* **Task inputs**:
* * *

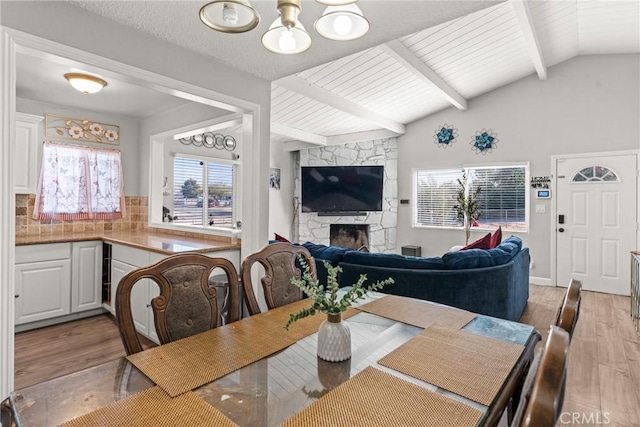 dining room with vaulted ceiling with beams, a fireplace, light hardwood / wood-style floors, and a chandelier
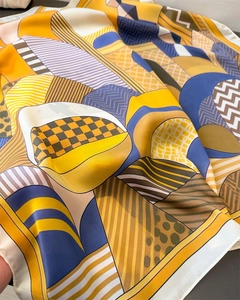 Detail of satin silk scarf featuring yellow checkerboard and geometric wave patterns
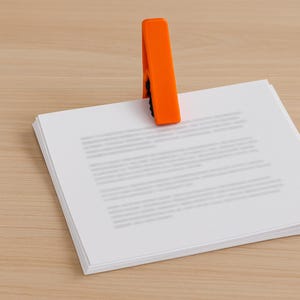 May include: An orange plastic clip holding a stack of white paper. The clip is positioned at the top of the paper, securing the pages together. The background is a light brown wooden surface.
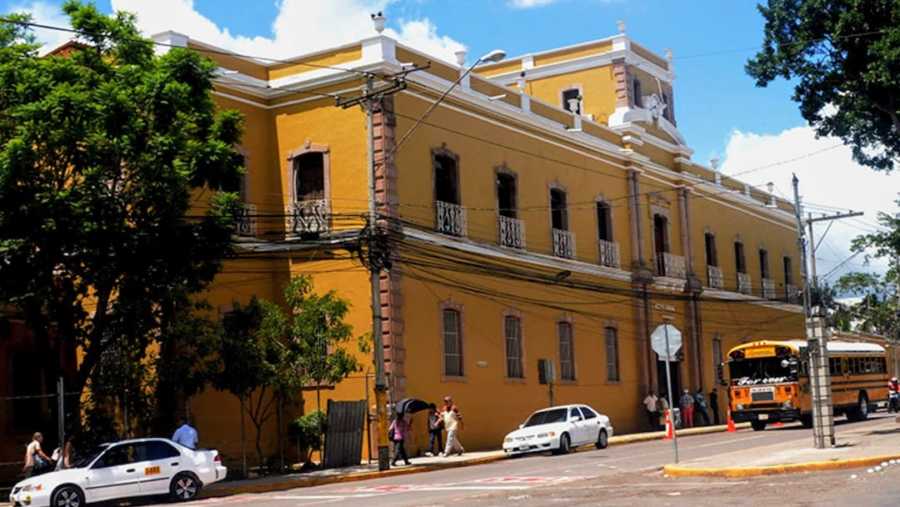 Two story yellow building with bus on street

* * *

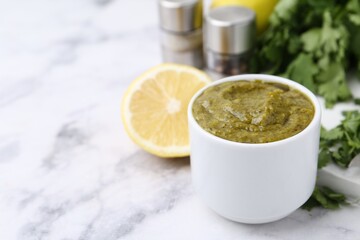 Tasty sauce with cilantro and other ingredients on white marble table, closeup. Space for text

* * *

* **Required work**: Going back to the data above, write out everything from the line with "May include: An" down to the line with "Two story yellow building with bus on street", both included, leaving every picture out.

* **Output for this task**:
 May include: An orange plastic clip holding a stack of white paper. The clip is positioned at the top of the paper, securing the pages together. The background is a light brown wooden surface.
 Two story yellow building with bus on street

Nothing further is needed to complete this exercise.